Pero los negociadores se marcharon el viernes por la noche sin llegar a un acuerdo, lo que provocó la entrada en vigor a las 00H01 (4H01 GMT) de estos recargos punitivos, que afectan a un total de 20.000 millones de dólares en importaciones canadienses. Esto representa alrededor del 5,5% de las exportaciones canadienses a Estados Unidos, según algunas estimaciones. “A pesar de la oferta estadounidense a Canadá de recibir un mejor trato que cualquier exportador en nuestro mercado, nuevas demandas y retrocesos en otros compromisos de Canadá han alterado el frágil equilibrio obtenido en los últimos días”lamentó el representante comercial de la Casa Blanca (USTR), Jamieson Greer.
La negativa de Ottawa a firmar el acuerdo
Según él, el Gobierno americano ha ofrecido, en particular, reducir los derechos de aduana sectoriales que afectan al acero y al aluminio, al sector del automóvil e incluso a la madera de construcción, a cambio de concesiones de Canadá, que no ha detallado. El primer ministro canadiense, Mark Carney, anunció en un comunicado de prensa publicado el “al dólar más cercano”.
“Los cambios de última hora realizados por Estados Unidos a los términos propuestos fueron injustos, antieconómicos y pusieron en duda la confiabilidad de cualquier acuerdo”explicó, para justificar la negativa de Ottawa a firmar el acuerdo. Estos recargos, anunciados en julio, debían entrar en vigor inicialmente el miércoles, pero el presidente estadounidense, Donald Trump, concedió un retraso de tres días, dado el avance de las negociaciones.
Donald Trump mostró su optimismo el viernes, creyendo que Estados Unidos “Deberíamos poder llegar a un acuerdo con Canadá”destacando su “buena relación” con el primer ministro canadiense, Mark Carney. Si la mayoría de los productos canadienses están exentos de los derechos de aduana estadounidenses gracias al acuerdo de libre comercio con Estados Unidos y México (CUSMA), los recargos impuestos por Donald Trump desde el año pasado han tenido un fuerte impacto en determinados sectores estratégicos como el aluminio, el acero o la industria del automóvil, estrechamente vinculados al mercado estadounidense.

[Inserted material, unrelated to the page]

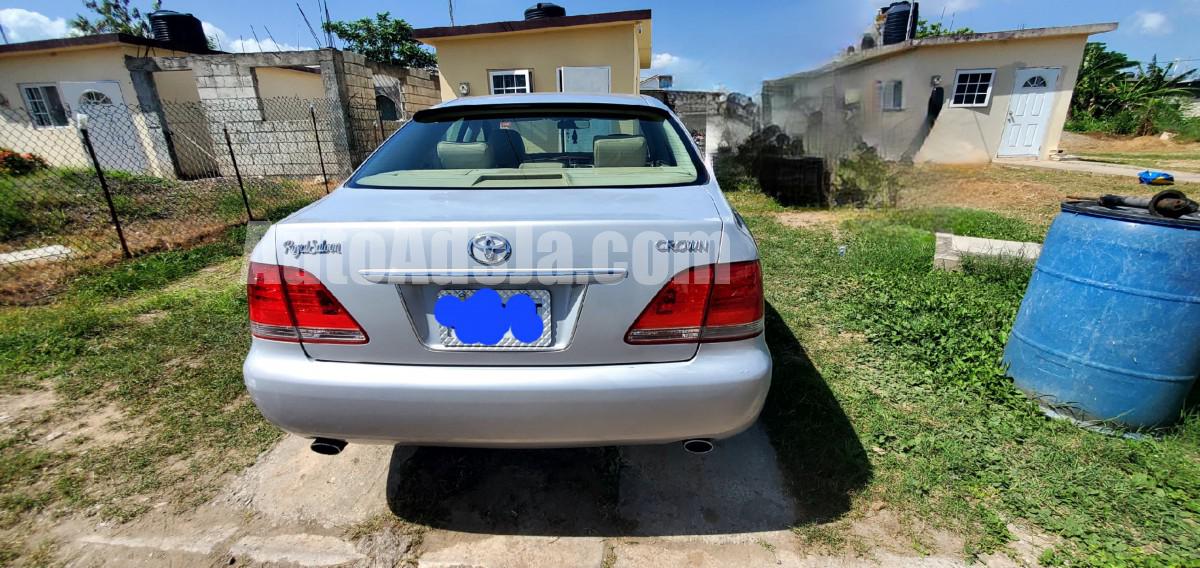 2005 Toyota Crown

Y esta nueva serie abre una nueva brecha al afectar en particular a productos normalmente protegidos por el tratado de libre comercio.
Boicotear
Sin embargo, los puntos conflictivos ya no parecían muy numerosos, unas horas antes del gong. El Gobierno canadiense incluso ha enviado señales de buena voluntad, pidiendo en particular a las autoridades provinciales que pongan fin al boicot de los vinos y bebidas espirituosas estadounidenses, una exigencia central de Washington, que exige también condiciones más favorables para sus productores de lácteos en el mercado canadiense.
Pero los dirigentes de las provincias, que tienen el monopolio de la venta de alcohol en su territorio y son los únicos competentes en la materia, no están del todo convencidos. Canadá, muy dependiente económicamente de Estados Unidos, se encuentra en primera línea de la guerra comercial iniciada por Donald Trump, quien ha dicho en repetidas ocasiones que quiere convertirlo en el “Estado 51” Americano.
Desde que llegó al poder en marzo de 2025, Mark Carney ha estado tratando de reducir la dependencia de su país de su gran vecino buscando nuevos socios comerciales en Asia o Europa. Estados Unidos es, con diferencia, el mayor socio comercial de Canadá, y las exportaciones canadienses a este país representan actualmente alrededor del 70% del total. Más allá de las negociaciones en curso el viernes, los dos países deben llegar a un acuerdo sobre el futuro de CUSMA, que Washington se negó a renovar de manera sostenible el mes pasado.